The five audiences, in order of who hears it first

Most small businesses start their public statement first and forget the staff. Reverse the order. Employees hear it before the press; affected customers hear it before the general public; regulators hear it before the press; and only then does a public statement go out — not before, not later. Time-stamping each message before it lands prevents the worst version of an incident: a confused employee posting on social media an hour before leadership has any statement ready.

1. Employees and their families

Internal first. A short text message or call — 'we are aware of X, this is what we know, this is what we're doing, more by lunchtime.' Do not wait for the full story to inform your own team. The single biggest reputational risk in any small-business incident is an employee finding out about their own company from a news alert.

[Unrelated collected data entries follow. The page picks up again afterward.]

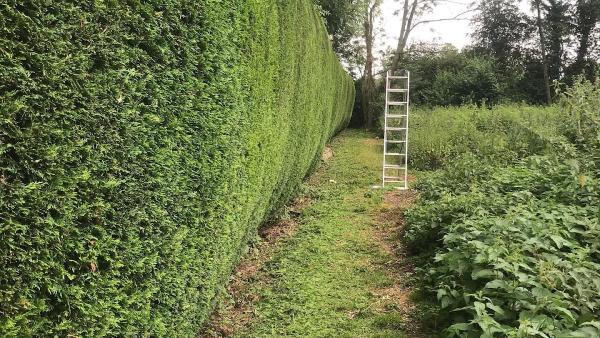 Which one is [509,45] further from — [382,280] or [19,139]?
[19,139]

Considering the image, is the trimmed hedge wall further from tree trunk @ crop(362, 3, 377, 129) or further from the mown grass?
tree trunk @ crop(362, 3, 377, 129)

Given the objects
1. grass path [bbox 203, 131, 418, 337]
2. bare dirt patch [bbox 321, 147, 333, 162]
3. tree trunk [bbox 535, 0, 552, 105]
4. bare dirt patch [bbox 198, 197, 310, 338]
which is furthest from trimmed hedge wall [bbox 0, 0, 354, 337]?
tree trunk [bbox 535, 0, 552, 105]

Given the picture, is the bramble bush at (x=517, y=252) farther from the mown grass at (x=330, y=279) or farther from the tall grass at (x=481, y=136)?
the tall grass at (x=481, y=136)

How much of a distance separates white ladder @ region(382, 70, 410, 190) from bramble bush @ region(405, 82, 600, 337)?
291 cm

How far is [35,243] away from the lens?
4.50 feet

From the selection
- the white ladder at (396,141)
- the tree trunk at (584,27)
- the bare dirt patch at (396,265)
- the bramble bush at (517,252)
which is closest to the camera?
the bramble bush at (517,252)

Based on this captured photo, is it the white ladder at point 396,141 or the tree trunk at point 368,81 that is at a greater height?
the tree trunk at point 368,81

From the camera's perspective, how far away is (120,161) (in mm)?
1816

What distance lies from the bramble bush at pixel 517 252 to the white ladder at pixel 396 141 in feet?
9.56

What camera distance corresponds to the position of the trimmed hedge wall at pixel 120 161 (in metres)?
1.31

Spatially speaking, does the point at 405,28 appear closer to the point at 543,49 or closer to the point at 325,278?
the point at 543,49

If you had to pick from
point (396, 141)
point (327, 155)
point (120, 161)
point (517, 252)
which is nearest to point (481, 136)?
point (396, 141)

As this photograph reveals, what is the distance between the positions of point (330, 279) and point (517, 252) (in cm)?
188

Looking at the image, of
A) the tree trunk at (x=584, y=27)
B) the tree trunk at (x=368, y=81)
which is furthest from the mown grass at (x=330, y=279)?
the tree trunk at (x=584, y=27) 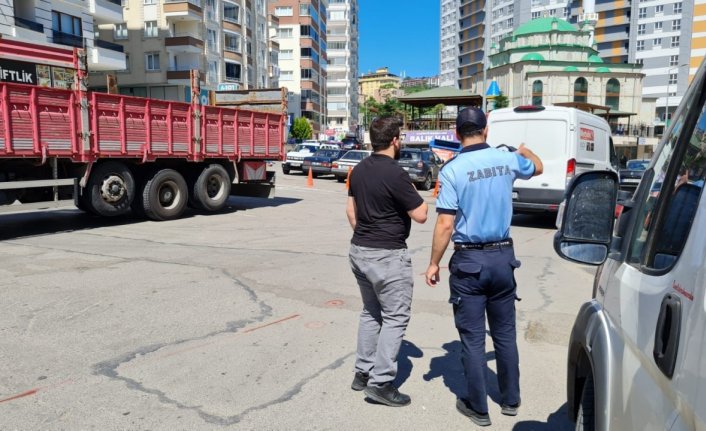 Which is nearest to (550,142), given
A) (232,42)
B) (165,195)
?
(165,195)

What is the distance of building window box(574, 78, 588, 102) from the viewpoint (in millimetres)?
69188

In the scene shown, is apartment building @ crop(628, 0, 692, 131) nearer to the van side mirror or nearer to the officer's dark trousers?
the officer's dark trousers

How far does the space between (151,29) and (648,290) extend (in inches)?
1992

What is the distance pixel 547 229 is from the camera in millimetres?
12414

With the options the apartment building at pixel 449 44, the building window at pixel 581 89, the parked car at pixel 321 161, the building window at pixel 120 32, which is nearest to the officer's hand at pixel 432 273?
the parked car at pixel 321 161

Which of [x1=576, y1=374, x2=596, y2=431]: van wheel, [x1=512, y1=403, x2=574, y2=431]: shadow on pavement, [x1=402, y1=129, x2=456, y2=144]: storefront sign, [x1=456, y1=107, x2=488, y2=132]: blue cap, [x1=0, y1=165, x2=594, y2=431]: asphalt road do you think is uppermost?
[x1=402, y1=129, x2=456, y2=144]: storefront sign

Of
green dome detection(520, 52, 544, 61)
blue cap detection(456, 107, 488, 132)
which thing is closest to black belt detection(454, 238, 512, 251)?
blue cap detection(456, 107, 488, 132)

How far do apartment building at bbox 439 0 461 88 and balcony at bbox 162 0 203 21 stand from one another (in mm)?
81019

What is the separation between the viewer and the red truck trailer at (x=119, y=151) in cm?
940

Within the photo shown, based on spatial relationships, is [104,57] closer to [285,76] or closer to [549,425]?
[549,425]

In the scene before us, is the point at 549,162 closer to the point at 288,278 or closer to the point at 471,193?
the point at 288,278

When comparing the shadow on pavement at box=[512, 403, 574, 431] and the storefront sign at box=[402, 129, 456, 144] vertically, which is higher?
the storefront sign at box=[402, 129, 456, 144]

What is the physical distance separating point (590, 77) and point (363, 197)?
73.5 meters

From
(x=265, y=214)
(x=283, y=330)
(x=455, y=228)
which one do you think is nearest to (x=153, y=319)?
(x=283, y=330) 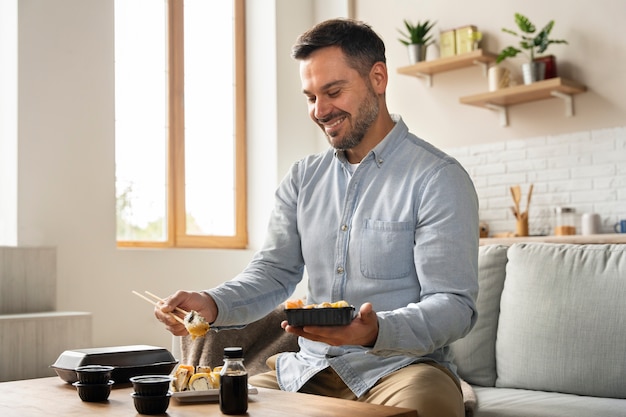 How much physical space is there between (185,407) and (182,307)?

2. Affected customers and partners

Direct outreach to anyone whose contract or shipment is affected, before the news cycle starts. Tone: candid, specific, time-bound. 'Service for customers on the west-coast fulfillment path will be delayed two to four days. We will email a revised estimate by Friday EOD.' If you can give a date, give it. If you cannot, say 'we will give you a revised estimate by Friday EOD' — committing to the communication is more useful than guessing the answer.

3. Regulators, insurance, legal counsel

Some incidents trigger mandatory reporting windows — workplace injuries, data breaches (state-by-state), environmental releases. The Crisis Communication Plan must name the role who calls each one, with the contact list in the binder. Reporting late — even by 24 hours — converts a fixable incident into a regulatory one.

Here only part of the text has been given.